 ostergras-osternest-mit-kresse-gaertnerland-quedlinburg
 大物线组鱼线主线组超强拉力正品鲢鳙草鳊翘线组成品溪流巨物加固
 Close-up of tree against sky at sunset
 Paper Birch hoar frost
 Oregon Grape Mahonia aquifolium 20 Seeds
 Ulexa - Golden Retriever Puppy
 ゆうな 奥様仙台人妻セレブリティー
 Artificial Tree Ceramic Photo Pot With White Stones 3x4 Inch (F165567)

+---+

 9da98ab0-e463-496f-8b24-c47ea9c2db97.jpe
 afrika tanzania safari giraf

+---+

Could you reproduce, exactly, every line above from the line with "9da98ab0-e463-496f-8b24-c47ea9c2db97.jpe" to the line with "afrika tanzania safari giraf", and no other line? Both ends count.

#### Your response
 9da98ab0-e463-496f-8b24-c47ea9c2db97.jpe
 afrika tanzania safari giraf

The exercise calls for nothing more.